Entre os desempenhos, negativos, a venda de veículos, impossibilitada pela falta do sistema de emissão de notas fiscais, fora do ar por 20 dias, e pelos prejuízos nas concessionárias, caiu 34%.
Impacto no turismo puxa queda de 5,4% nos serviços
Na comparação entre maio de 2023 e 2024, os impactos verificados nos chamados serviços prestados às famílias registraram queda de 28,3% no Rio Grande do Sul.
Esse grupo, que responde por percentual ampliado do desempenho dos serviços de maneira geral, e inclui os alojamentos e a alimentação, ambos aspectos ligados ao turismo, é apontado pelo economista-chefe da CDL-Porto Alegre, Oscar Frank, como a principal causa do descolamento da performance do Estado e a do país.
Enquanto no país o setor avança 0,10%, no Rio Grande do Sul houve queda de 5,4% em maio. Segundo Frank, esse dado já aparecia em outros termômetros e acabou confirmado pela Pesquisa Mensal dos Serviços (PMS) do IBGE.

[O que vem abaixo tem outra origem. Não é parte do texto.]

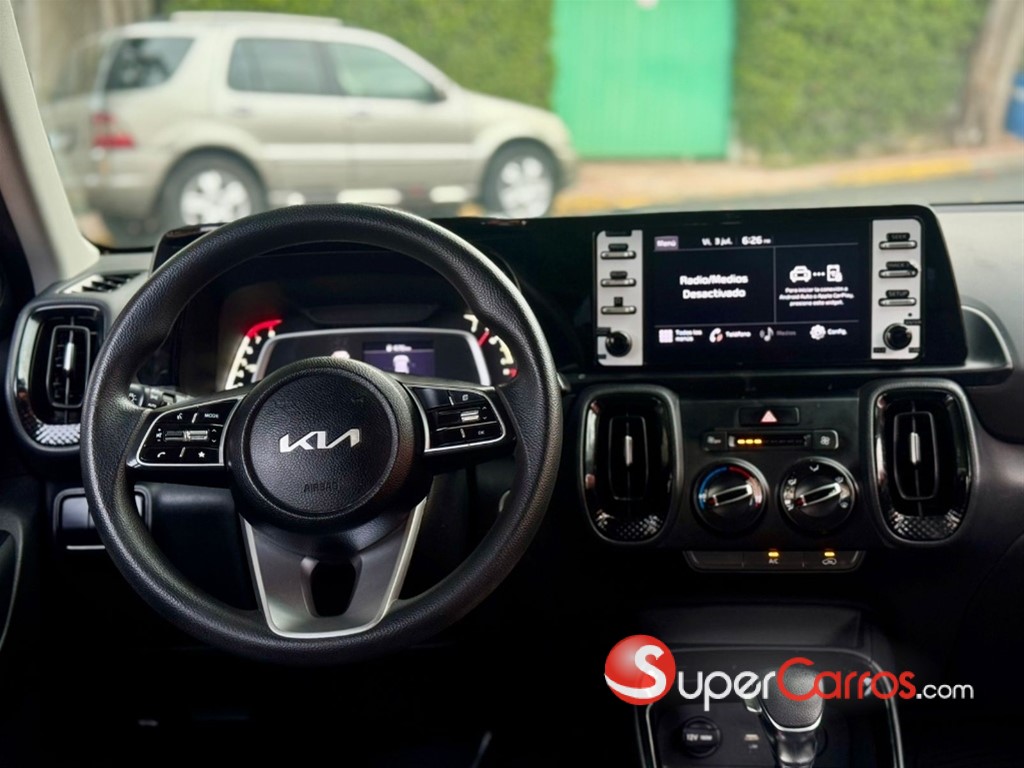 2023 Kia Sonet — foto 7 / 12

— Uma parcela considerável está atrelada ao turismo. E a gente sabe o quanto que o turismo foi prejudicado em função de toda essa situação das enchentes, estrago nos modais de transporte, fechamento do aeroporto, danos às estradas. Tudo isso acabou, e a própria queda da renda junto com a queda na parte de serviços profissionais, administrativos e complementares contribuíram para o cenário.